Ahmad Bahjat dalam bukunya The Animal in the Glorious Qur’an Relating Their Own Stories mengkaji binatang-binatang yang disebutkan dalam Alquran. Pertama adalah kisah mengenai burung gagak yang mengajarkan anak adam cara menguburkan mayat.
Kisah mengenai burung tidak hanya itu, ada juga kisah burung yang meninggal kemudian Allah hidupkan lagi, kisah ini ada di kisah mengenai Nabi Ibrahim. Lalu ada burung Hudhud yang memberikan informasi mengenai keberadaan Ratu Saba pada Nabi Sulaiman.

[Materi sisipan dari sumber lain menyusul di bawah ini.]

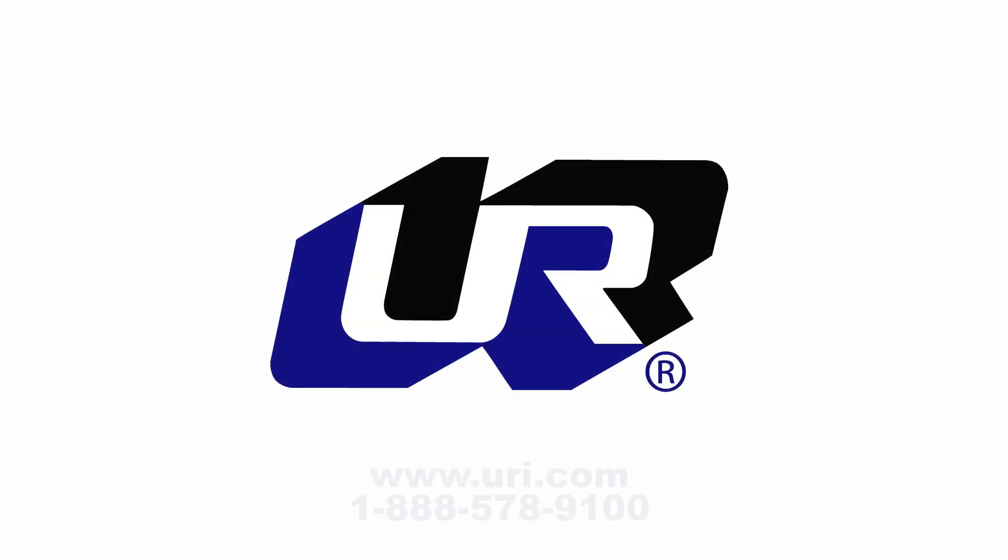Trenton products are available exclusively through United Refrigeration at www.uri.com.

Binatang unta juga banyak disebut oleh Alquran. Ada juga Serigala, yakni pada kisah mengenai Nabi Yusuf. Dalam kisa tersebut, saudara-saudara Nabi Yusuf bercerita pada ayahnya bahwa Nabi Yusuf meninggal karena dimakan oleh serigala, padahal Nabi Yusuf dicelakakan oleh mereka sendiri.
Dari lautan, ada kisah mengenai ikan paus yang memakan Nabi Yunus. Dalam kisah tersebut, Nabi Yunus hidup untuk jangka waktu tertentu di dalam perut ikan.
Hewan peliharaan yang disebut adalah sapi, bahkan menjadi nama surah. Dalam suatu cerita, dikisahkan bahwa ada pembunuhan yang sulit terungkap. Lalu Nabi Musa atas petunjuk Allah meminta Bani Israil untuk menyediakan sapi betina dengan kategori tertentu. Singkatnya, sapi tersebut menjadi alat bagi Nabi Musa untuk mengungkap dalang pembunuhan.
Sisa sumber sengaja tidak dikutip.